• [Description of the task] Exact reproduction is required for the lines below starting at the line with "QR-Code https://ppt.cc/xeHI" and ending at the line with "37481 Harrow Hills", both included. No other lines, and no pictures.

*** Records provided ***

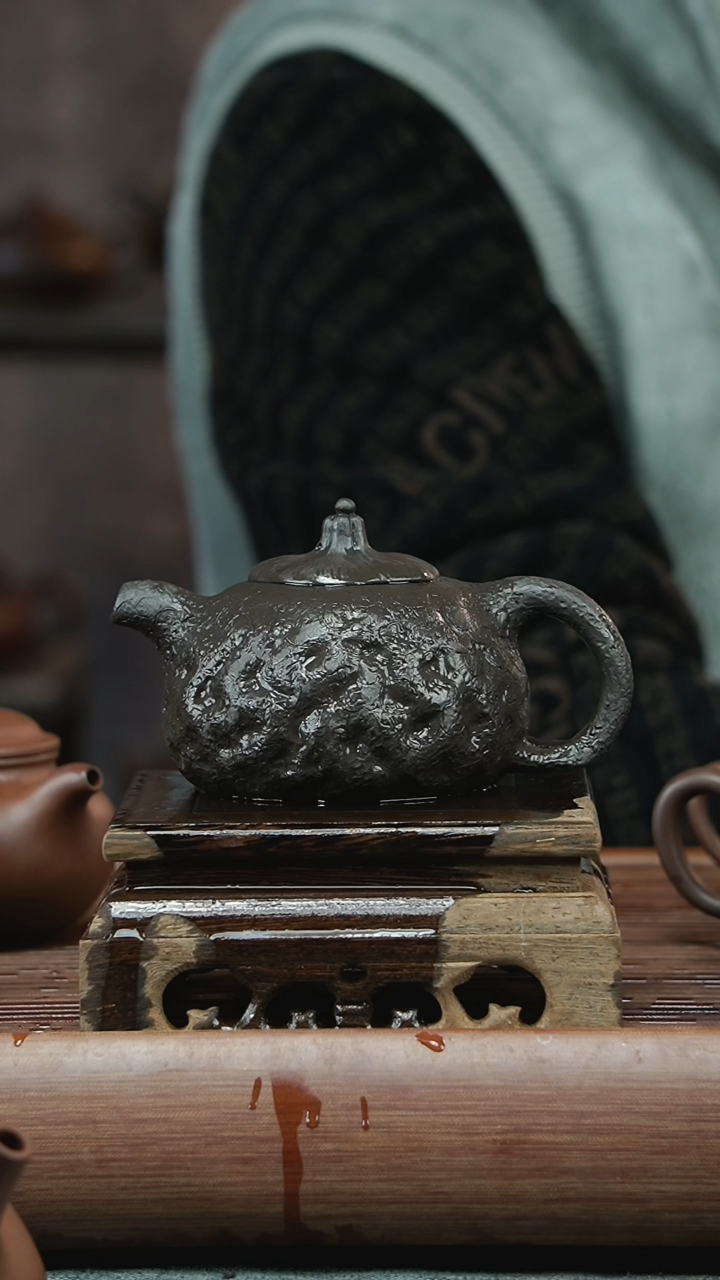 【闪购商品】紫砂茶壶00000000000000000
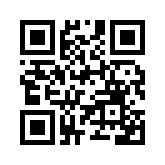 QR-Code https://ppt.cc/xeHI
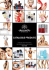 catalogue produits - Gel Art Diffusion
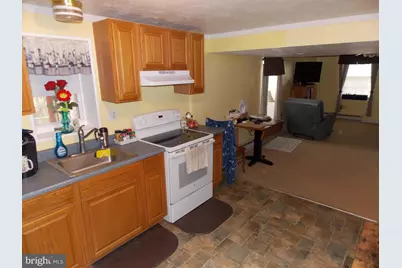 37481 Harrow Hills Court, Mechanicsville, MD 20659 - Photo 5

*** End of Records provided ***
*** Records provided ***

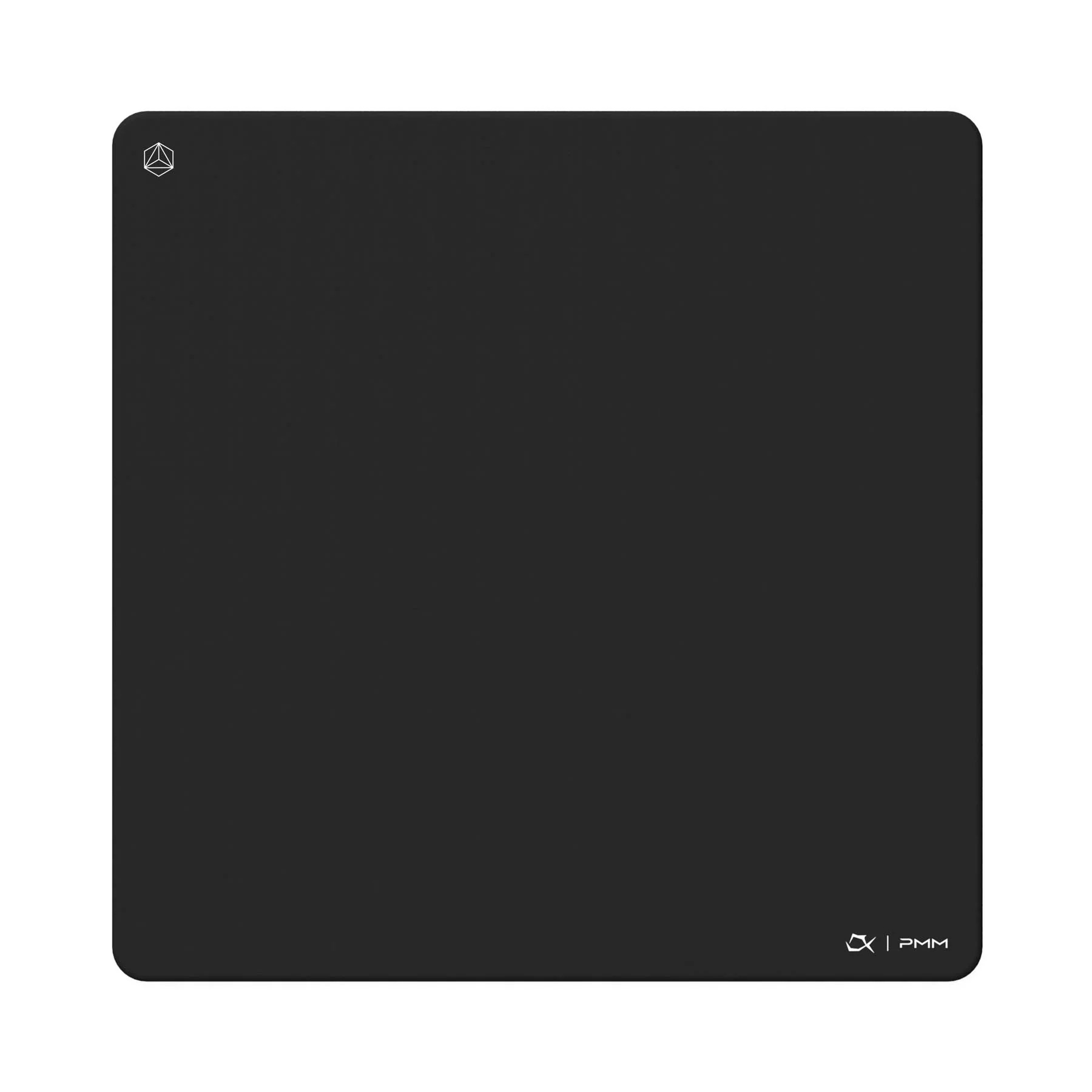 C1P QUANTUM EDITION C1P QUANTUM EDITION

*** End of Records provided ***

• [Result for this exercise]
 QR-Code https://ppt.cc/xeHI
 catalogue produits - Gel Art Diffusion
 37481 Harrow Hills Court, Mechanicsville, MD 20659 - Photo 5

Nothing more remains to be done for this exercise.